By the 19th century, Sundays had been set aside as a day of rest for slaves to socialize and go to church.  Blacks discovered lard and other animal fats to moisturize the hair.  With constant reminders that dark skin was inferior and kinky hair was undesirable, slaves experimented with dangerous techniques to both lighten their skin and straighten their hair.  Women began heating butter knives to temporarily straighten the hair and add curls.  To permanently straighten hair, a mixture of lye and potatoes was used which immediately burned the scalp.  In some cities, such as New Orleans, afro-textured hair was all but outlawed in public, forcing women to cover their natural hair in public if unwilling to burn their hair with knives or boil their scalps with poison to achieve an appearance more acceptable to whites.

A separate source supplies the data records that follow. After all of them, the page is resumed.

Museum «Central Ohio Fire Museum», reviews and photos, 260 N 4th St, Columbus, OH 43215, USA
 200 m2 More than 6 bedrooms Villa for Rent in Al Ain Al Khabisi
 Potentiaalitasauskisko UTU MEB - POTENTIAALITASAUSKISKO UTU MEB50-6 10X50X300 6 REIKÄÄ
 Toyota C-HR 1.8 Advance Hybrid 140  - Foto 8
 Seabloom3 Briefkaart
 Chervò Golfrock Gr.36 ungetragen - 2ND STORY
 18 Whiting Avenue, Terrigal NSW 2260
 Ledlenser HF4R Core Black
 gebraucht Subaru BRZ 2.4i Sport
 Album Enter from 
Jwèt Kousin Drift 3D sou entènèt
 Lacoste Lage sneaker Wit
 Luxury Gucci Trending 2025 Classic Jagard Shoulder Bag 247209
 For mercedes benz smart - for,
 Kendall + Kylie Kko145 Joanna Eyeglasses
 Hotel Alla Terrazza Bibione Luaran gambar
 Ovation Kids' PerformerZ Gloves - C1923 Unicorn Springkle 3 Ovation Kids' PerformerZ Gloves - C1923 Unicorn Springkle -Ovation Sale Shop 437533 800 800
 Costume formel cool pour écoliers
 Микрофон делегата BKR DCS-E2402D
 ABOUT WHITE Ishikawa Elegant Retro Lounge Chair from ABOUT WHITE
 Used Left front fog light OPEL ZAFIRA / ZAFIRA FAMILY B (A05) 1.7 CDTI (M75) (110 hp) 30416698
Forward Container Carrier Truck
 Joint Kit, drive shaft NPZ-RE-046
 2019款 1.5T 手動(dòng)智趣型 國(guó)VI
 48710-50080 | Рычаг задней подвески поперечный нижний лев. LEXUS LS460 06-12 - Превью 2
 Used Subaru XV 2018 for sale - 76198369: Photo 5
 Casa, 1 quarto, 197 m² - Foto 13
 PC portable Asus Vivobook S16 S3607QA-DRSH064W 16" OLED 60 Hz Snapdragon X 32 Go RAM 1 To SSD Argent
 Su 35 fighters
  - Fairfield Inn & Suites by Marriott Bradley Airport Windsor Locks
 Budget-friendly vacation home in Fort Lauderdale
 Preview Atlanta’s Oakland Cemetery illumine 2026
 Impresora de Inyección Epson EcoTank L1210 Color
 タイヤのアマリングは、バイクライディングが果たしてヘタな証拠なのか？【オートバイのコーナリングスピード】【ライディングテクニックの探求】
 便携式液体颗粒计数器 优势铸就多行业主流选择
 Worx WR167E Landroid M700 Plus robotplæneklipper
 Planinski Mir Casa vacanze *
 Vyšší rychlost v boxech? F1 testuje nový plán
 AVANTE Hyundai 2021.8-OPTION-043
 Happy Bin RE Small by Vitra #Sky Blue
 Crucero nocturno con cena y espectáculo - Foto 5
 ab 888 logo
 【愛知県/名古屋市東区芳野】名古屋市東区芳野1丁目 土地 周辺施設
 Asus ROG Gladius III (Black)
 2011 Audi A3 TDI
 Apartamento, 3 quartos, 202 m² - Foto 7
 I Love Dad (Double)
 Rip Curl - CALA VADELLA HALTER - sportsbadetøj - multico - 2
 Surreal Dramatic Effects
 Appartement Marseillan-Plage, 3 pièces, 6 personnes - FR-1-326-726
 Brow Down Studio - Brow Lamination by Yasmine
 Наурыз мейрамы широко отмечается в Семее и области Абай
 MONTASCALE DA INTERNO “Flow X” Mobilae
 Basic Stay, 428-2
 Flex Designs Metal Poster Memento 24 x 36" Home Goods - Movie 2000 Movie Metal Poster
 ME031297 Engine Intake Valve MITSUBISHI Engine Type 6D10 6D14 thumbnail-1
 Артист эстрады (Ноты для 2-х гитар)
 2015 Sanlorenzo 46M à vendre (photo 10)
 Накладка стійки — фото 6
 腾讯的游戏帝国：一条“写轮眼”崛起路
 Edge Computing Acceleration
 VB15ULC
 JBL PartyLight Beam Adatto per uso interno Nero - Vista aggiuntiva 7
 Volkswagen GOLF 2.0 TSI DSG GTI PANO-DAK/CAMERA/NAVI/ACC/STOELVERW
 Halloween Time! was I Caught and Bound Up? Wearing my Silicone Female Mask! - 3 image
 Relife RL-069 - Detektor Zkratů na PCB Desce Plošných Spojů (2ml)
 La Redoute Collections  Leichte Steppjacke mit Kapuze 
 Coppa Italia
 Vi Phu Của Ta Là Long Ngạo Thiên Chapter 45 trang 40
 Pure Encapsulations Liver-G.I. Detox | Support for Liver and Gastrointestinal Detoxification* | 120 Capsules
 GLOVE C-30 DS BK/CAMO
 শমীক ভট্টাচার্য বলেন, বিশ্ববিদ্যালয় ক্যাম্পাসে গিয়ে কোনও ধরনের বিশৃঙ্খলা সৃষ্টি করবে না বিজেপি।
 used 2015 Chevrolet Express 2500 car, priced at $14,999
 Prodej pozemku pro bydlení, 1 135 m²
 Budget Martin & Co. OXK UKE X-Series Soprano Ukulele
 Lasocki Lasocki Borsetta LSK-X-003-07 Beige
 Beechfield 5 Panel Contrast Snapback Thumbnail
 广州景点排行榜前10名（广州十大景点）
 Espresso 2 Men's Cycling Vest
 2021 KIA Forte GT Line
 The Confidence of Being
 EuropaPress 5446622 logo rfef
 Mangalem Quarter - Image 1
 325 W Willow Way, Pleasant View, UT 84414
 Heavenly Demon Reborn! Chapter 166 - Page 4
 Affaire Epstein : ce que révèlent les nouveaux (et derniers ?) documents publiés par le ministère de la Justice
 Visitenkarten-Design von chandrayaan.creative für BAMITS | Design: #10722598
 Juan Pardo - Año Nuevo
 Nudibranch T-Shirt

After slavery, blacks wanted more than anything to be accepted into society as equals.  That meant continuing to strive for the approval of whites.  Skin lightening advertisements became common and new techniques for chemically straightening hair became available.  Madame C.J. Walker, America’s first self-made female millionaire, built her fortune on the scalps of black women.  Straightened hair mimicking styles popular with white women were, for blacks, a mark of class, education, and wealth.  Only the poor and lower class would dare wear braids and cornrows, an image that has never left the public consciousness.  Even today, powerful black women rely on chemicals to imitate white hair.  From Michelle Obama to Oprah to Condoleeza Rice, black women continue the tradition.  So common is the image of powerful black women with unnaturally straight hair aided by chemicals, weaves, and wigs, Ursula Burns made the news when she became the first black CEO of a Fortune 500 company wearing her natural coils.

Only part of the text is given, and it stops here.